La sueur de Taaroa
Au début était l'œuf, qui flottait dans l'immensité infinie, noire et déserte. Aussi incroyable que cela paraisse, il n'y avait au centre de l'univers que cet œuf pâle, et rien d'autre. Le temps passa, incommensurable. Puis l'œuf sembla se recroqueviller et soudain, sans raison apparente, il éclata. Oh, cela ne fit aucun bruit dans l'espace, à peine le souffle d'une vive lumière. Et Taaroa apparut, parmi les débris éparpillés de coquille. Taaroa, le Maître sacré, le Créateur de toutes choses. Il se déplia lentement, et emplit le ciel de son corps, avec mille précautions, comme étonné de se trouver là. Il contempla l'univers, autour de lui et il vit qu'il n'y avait rien.
Ni lumière, ni vent, ni montagnes, ni arbres, toutes choses qu'il avait dans l'esprit, car ses rêves étaient immenses. D'abord, avec quelques petits débris de la coquille, il créa la foule des étoiles, qu'il jeta dans le ciel comme mille étincelles. D'un autre, il fit le Soleil. Puis, pétrissant dans ses mains musclées le plus gros des débris, il en fit une boule, la Terre, qu'il déposa à ses pieds, la réchauffant de son souffle puissant. La boule s'enfla, s'enfla, jusqu'à devenir pareille à un énorme fruit de pierre et de feu.

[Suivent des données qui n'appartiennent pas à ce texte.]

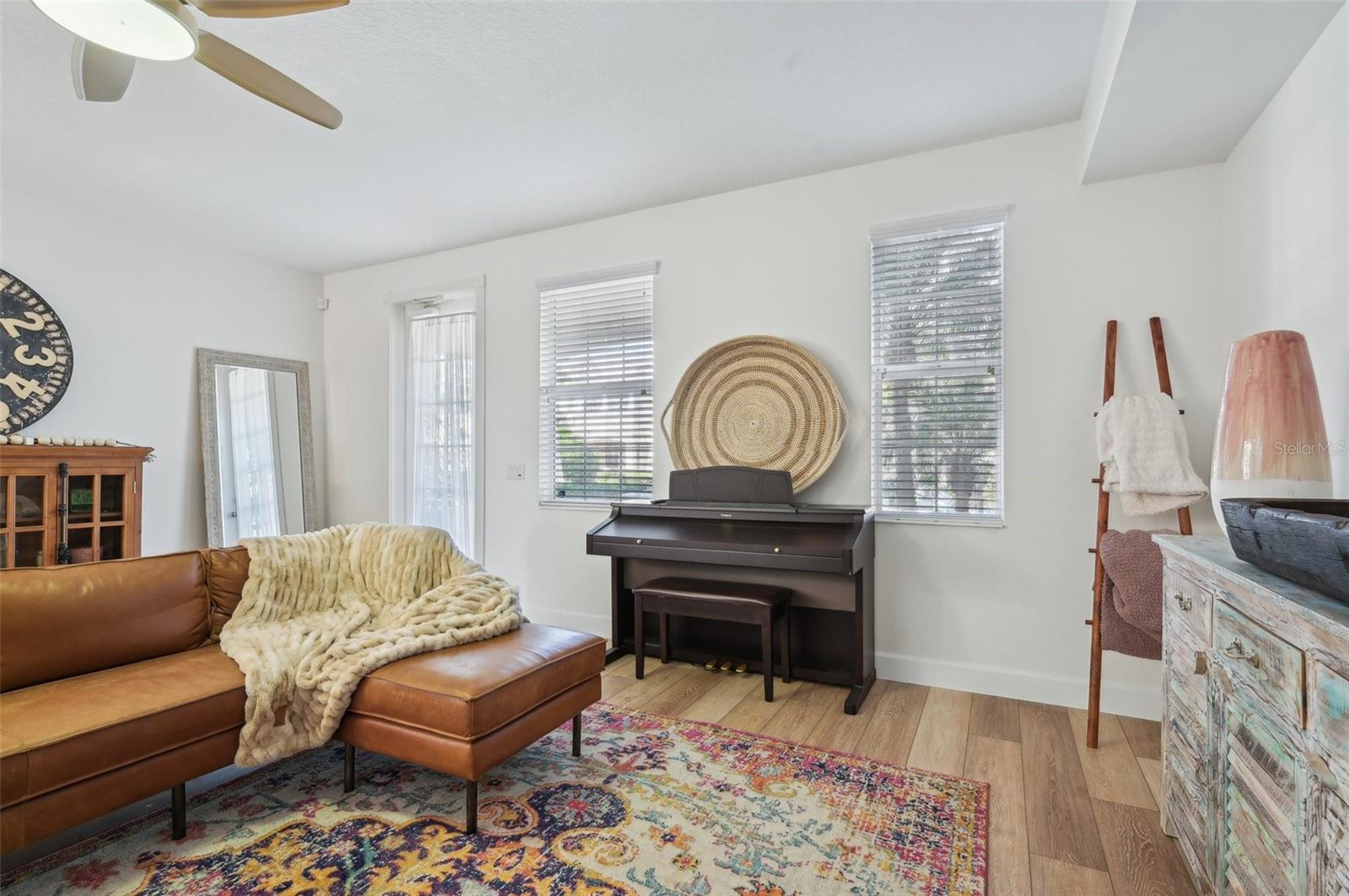 1555 NAPOLI DR W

Alors Taaroa se mit à l'œuvre. Sans relâche, pendant un temps qui parut une éternité, il éleva les plus hautes montagnes, façonna les arbres, inventa le vent qui court sur le sable des dunes, modela les hommes, les animaux, les plantes qui serpentent sous la terre; il fabriqua les volcans et leur cœur de lave, les nuages qui jouent avec le soleil, l'orage menaçant et la foudre, le bleu du ciel et la neige blême; il creusa des ravins profonds, des parois vertigineuses.
Lorsqu'il s'arrêta, hagard, éreinté, il crut avoir épuisé ses rêves. Il s'agenouilla sur le sol de pierre, pour reprendre son souffle. Et de son front luisant, de ses bras, de son ventre, coulèrent quelques gouttes de sueur. Elles roulèrent sur les pentes des montagnes, énormes, tumultueuses, et achevèrent d'un coup le fabuleux travail qu'il venait d'accomplir.

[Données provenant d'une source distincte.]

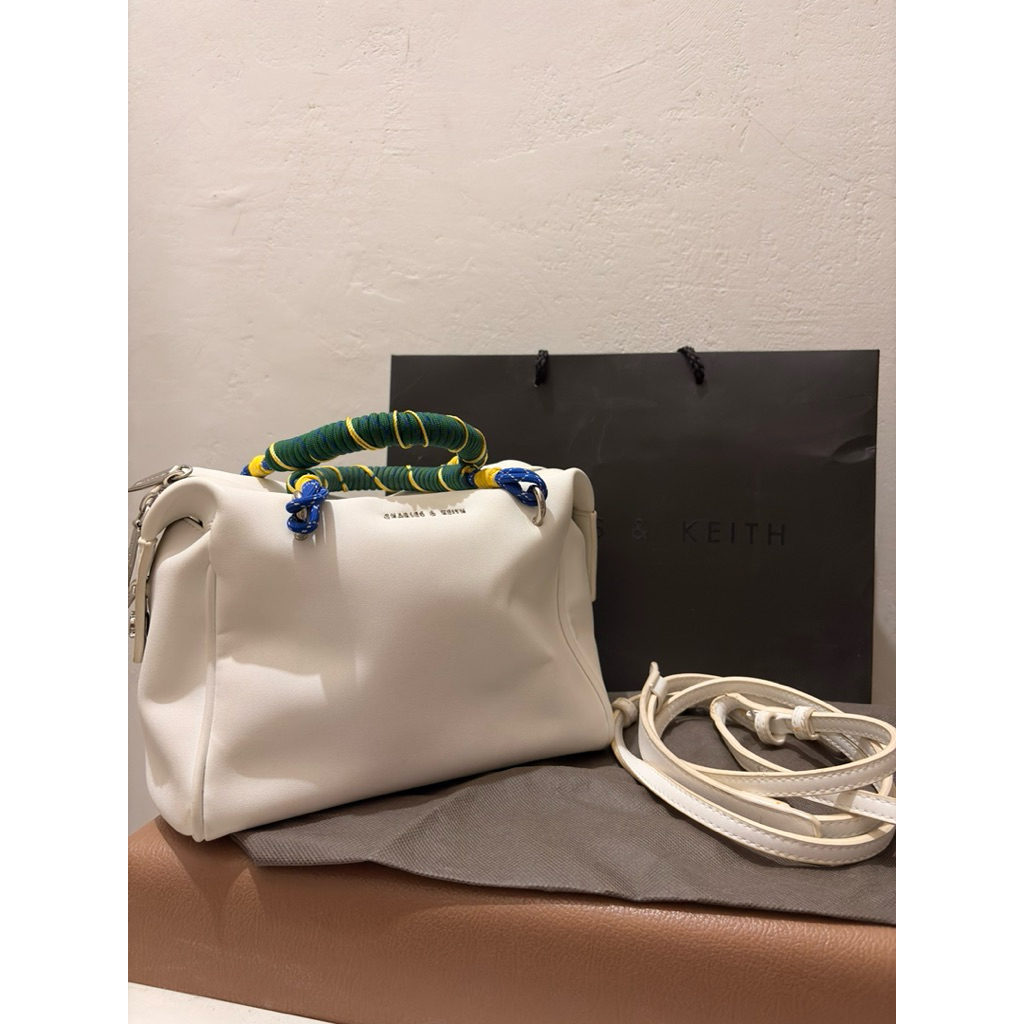 Preloved Tas Charles and Keith Nylon Twist Top Handle Bag Putih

La sueur de Taaroa était devenue l'eau de la mer. La mer sans laquelle nul monde ne peut vivre. La mer où courent les bateaux, où le corail croît et rougit, où l'espadon virevolte. La mer, qui recouvrit presque entièrement la Terre, remplissant les abîmes, les gorges, les ravins. La mer, que Taaroa avait oubliée.